▸ **TASK TO CARRY OUT**
Reproduce all the records word for word. Omit images.

Web page caption snippets
* * *

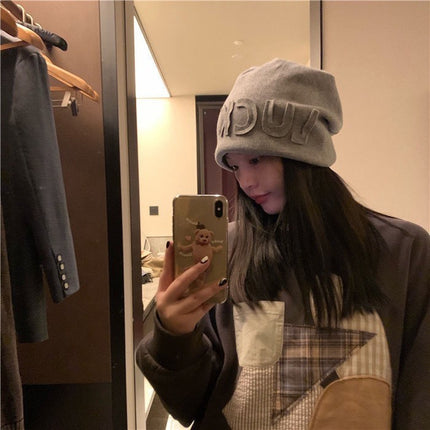 Autumn and Winter Versatile Face-Slimming Plush Hat, Warm Postpartum Hat, Slouchy Beanie, Unisex Hat, Fashionable Trendy Cold Hat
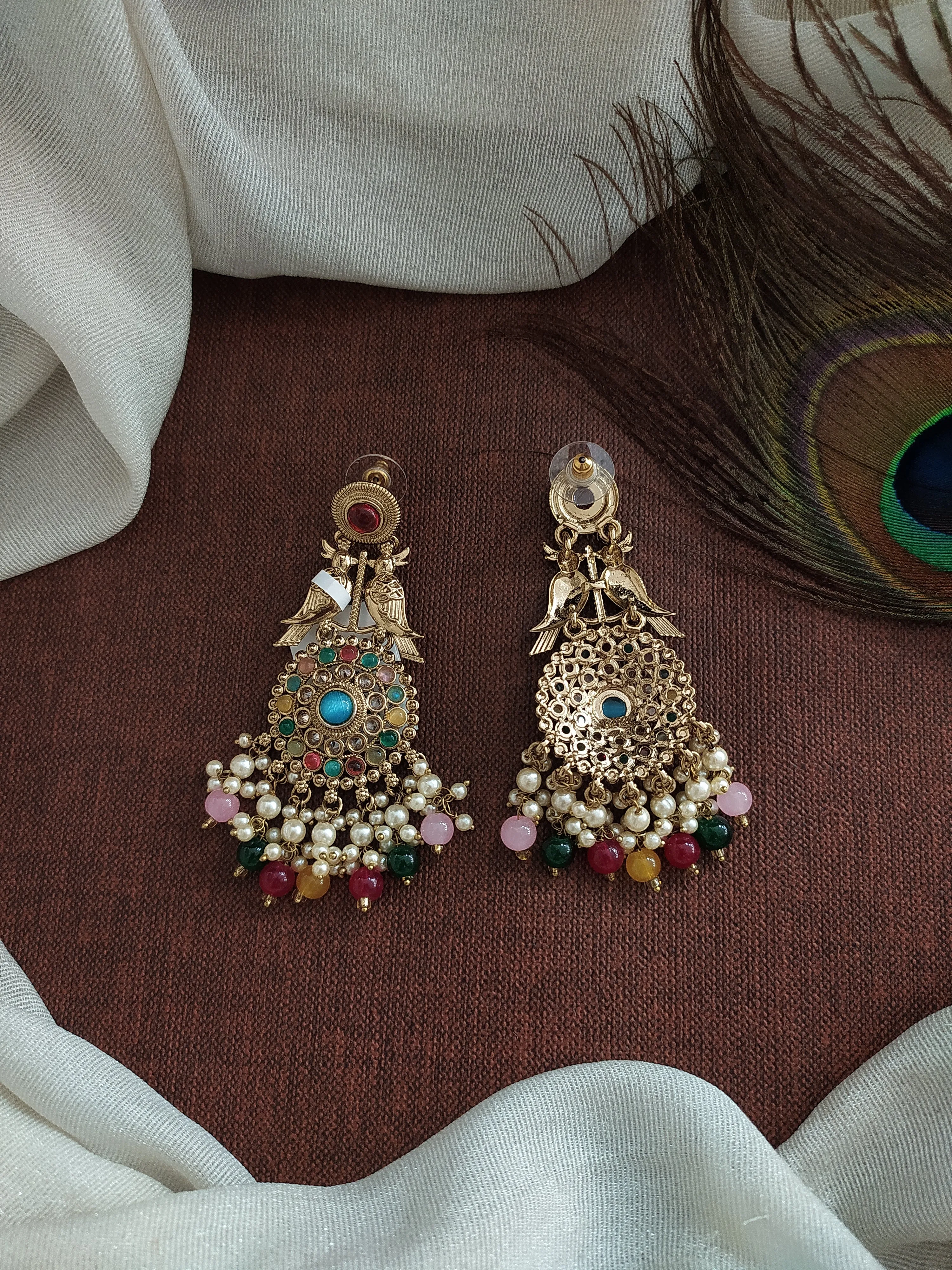 Sonal Fashion's Exquisite Mehandi Brilliance Uncut Polki Navratna Earrings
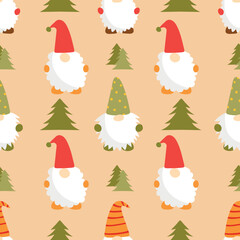 Cute Thanksgiving gnomes seamless pattern. Cute gnomes with a beard in the forest. For Thanksgiving greeting cards, fabric , textile and home décor
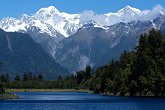 Glacier over Lake Matheson   In Franz Josef : aoraki, awesome, beautiful, fox, franz josef, glacier, ice, lake, landscapes, magnificent, matheson, mount cook, New Zealand, NZ, scenery, snow, southern alps, stunning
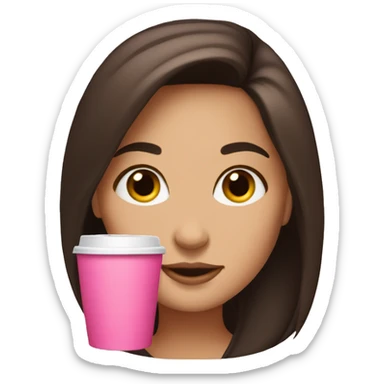 A brunette girl with a pink coffee sticker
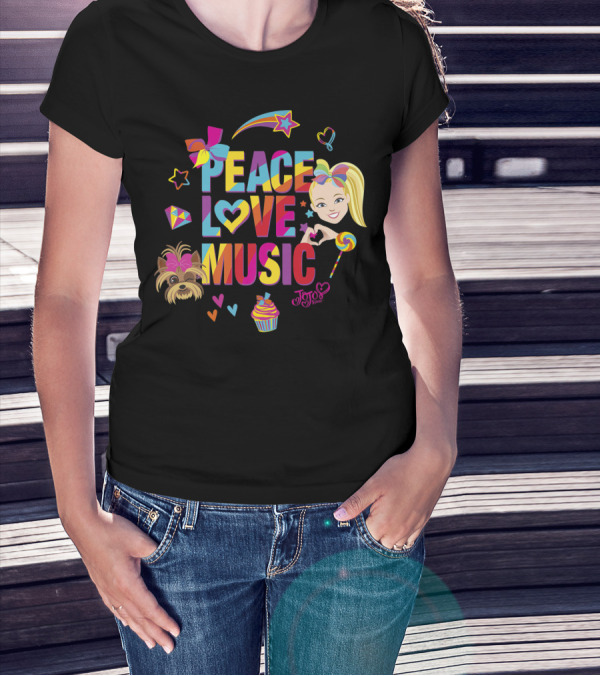 Jojo Siwa Peace Love Music Rainbow With Bow Stars Hearts Cupcake Puppy T-Shirt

* * *

▸ **TASK OUTPUT**
 Autumn and Winter Versatile Face-Slimming Plush Hat, Warm Postpartum Hat, Slouchy Beanie, Unisex Hat, Fashionable Trendy Cold Hat
 Sonal Fashion's Exquisite Mehandi Brilliance Uncut Polki Navratna Earrings
 Cute Thanksgiving gnomes seamless pattern. Cute gnomes with a beard in the forest. For Thanksgiving greeting cards, fabric , textile and home décor
 Glacier over Lake Matheson   In Franz Josef : aoraki, awesome, beautiful, fox, franz josef, glacier, ice, lake, landscapes, magnificent, matheson, mount cook, New Zealand, NZ, scenery, snow, southern alps, stunning
 A brunette girl with a pink coffee sticker
 Jojo Siwa Peace Love Music Rainbow With Bow Stars Hearts Cupcake Puppy T-Shirt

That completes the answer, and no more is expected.